Os recentes ecos de Seattle, de Davos e dos foros de Bretton Woods mostram que ainda temos um longo caminho a percorrer. Alguns passos já foram dados, como o envolvimento das nações emergentes em discussões financeiras antes restritas a um grupo fechado. Temos agora, um G-ao, e não apenas o G-/ ou G-8. Progresso e coesão social, justiça e equidade passam também pela promoção de iniciativas identificadas com o desenvolvimento sustentável, tema que tanto nos mobilizou na Conferência do Rio, cujas decisões, entretanto, continuam a requerer vontade política para serem implementadas. É hora de resgatar o espírito de convergência da Agenda 21, que concebeu a questão ambiental de modo inovador. Hora de estabelecer os mecanismos necessários para o acesso do mundo em desenvolvimento a recursos financeiros novos e adicionais e a tecnologias limpas. De 1992 para hoje muita coisa mudou na política ambiental brasileira. Começamos a enfrentar não apenas os desafios inerentes à condição de país tropical, com a conservação da biodiversidade e a preservação de florestas, mas também problemas típicos da urbanização e das sociedades industriais.

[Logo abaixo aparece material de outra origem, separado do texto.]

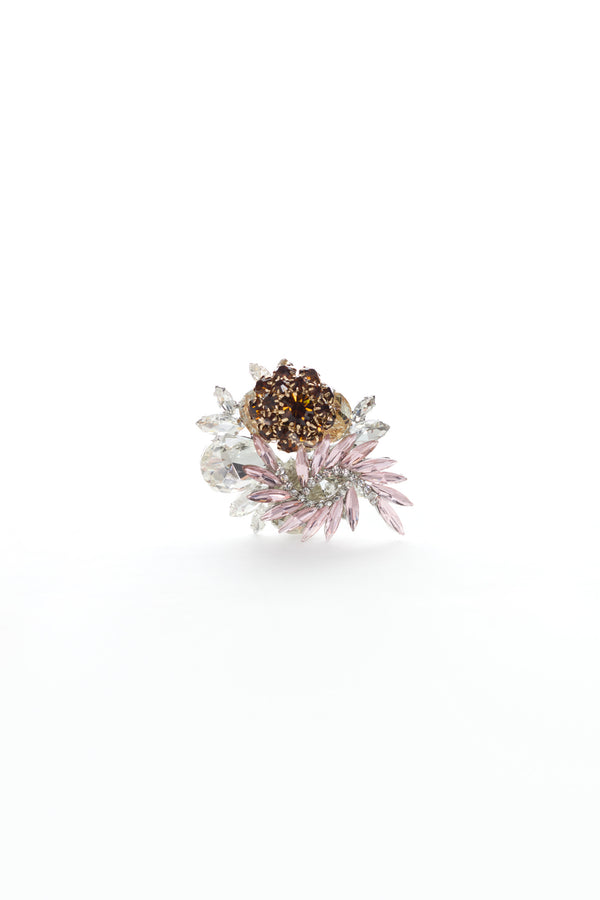 CLUSTER BROOCH in brown, pink and clear crystal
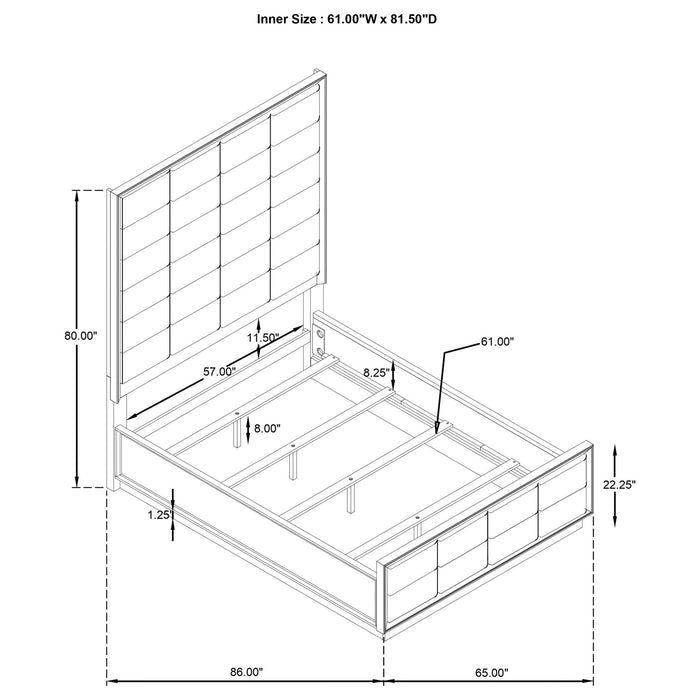 Durango 80 - inch Queen Panel Bed Taupe Oak - Walo Furniture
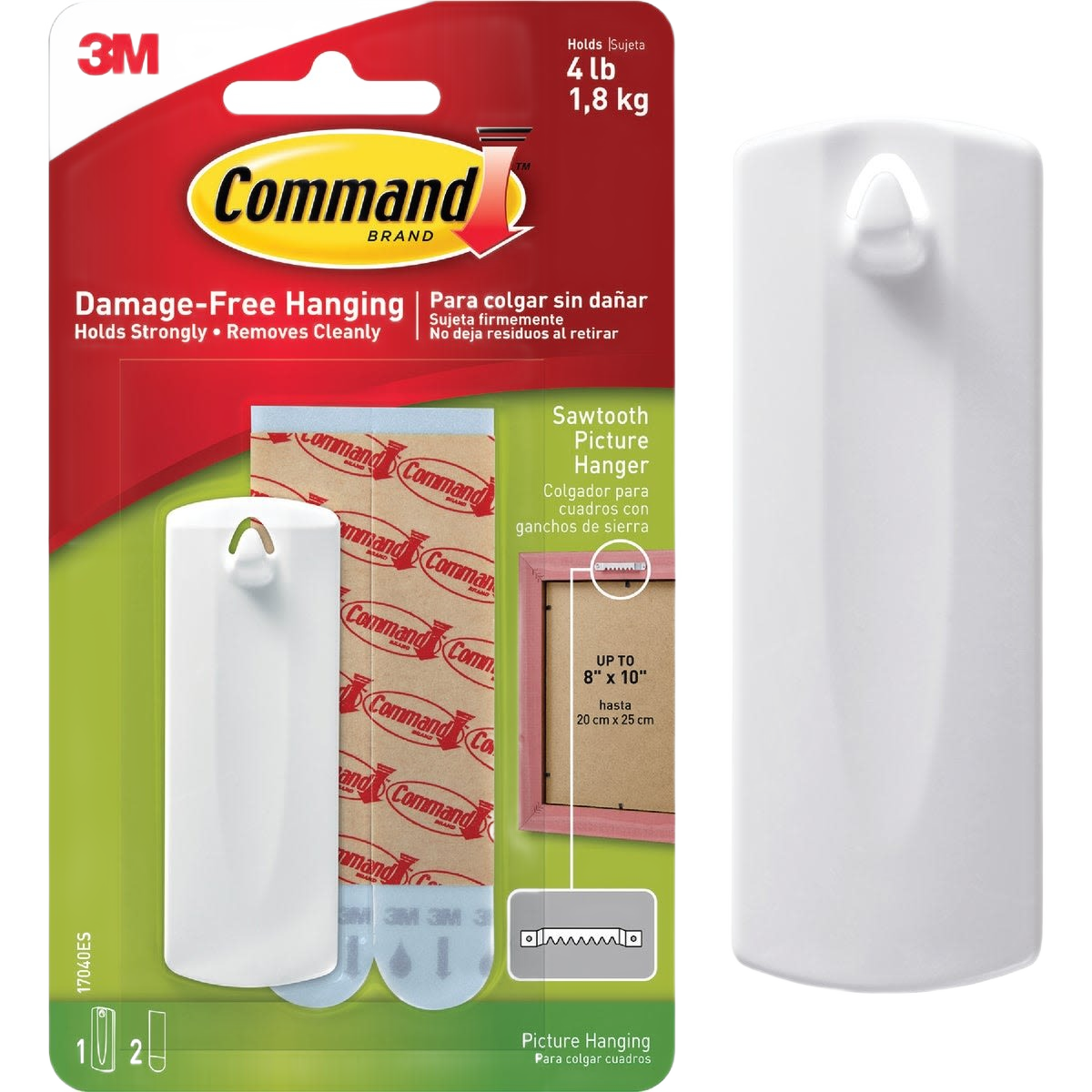 3M Command sawtooth adhesive picture hanger in white for damage-free wall decor and home improvement fasteners under $50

A agenda é complexa, multifacetada, como não poderia deixar de ser a de um país que, detendo a maior diversidade biológica do planeta, 40% das florestas tropicais, 20% da água doce disponível no mundo e um litoral de cinco mil milhas, ainda conta com o maior parque industrial do hemisfério sul e tem 75% de sua população vivendo em cidades, algumas mais populosas do que muitas capitais europeias. Nos anos 90, emergiu um Brasil novo, que refez sua prática em relação ao meio ambiente e que também procedeu a uma histórica correção de rumo na economia. O Brasil dominou a inflação e assegurou as condições de estabilidade necessárias ao crescimento. Iniciou a reforma e o soerguimento do Estado, de modo a habilitá-lo a cuidar com eficiência do desenvolvimento social. Nossas empresas souberam reagir à liberalização comercial com empenho e criatividade, reduzindo custos, melhorando a qualidade dos produtos, aumentando sua competitividade, investindo na modernização e expansão do parque produtivo e ampliando o acesso aos mercados internacionais. Recordo que na Exposição Universal de São Petersburgo, em 1884, o patrono da diplomacia brasileira, Barão do Rio Branco, comandou com muito êxito uma ofensiva de promoção do café brasileiro. Cento e vinte anos depois continuamos a ter orgulho do nosso café, que está cada dia mais refinado, mas também podemos falar, com satisfação, da qualidade de nossas aeronaves, de nossos veículos automotores, de nossos calçados, de nossas chapas siderúrgicas e de vários outros produtos que compõem a pauta externa brasileira. Podemos falar também das nossas empresas que exportam serviços e know-how, desde obras de engenharia até exploração de petróleo.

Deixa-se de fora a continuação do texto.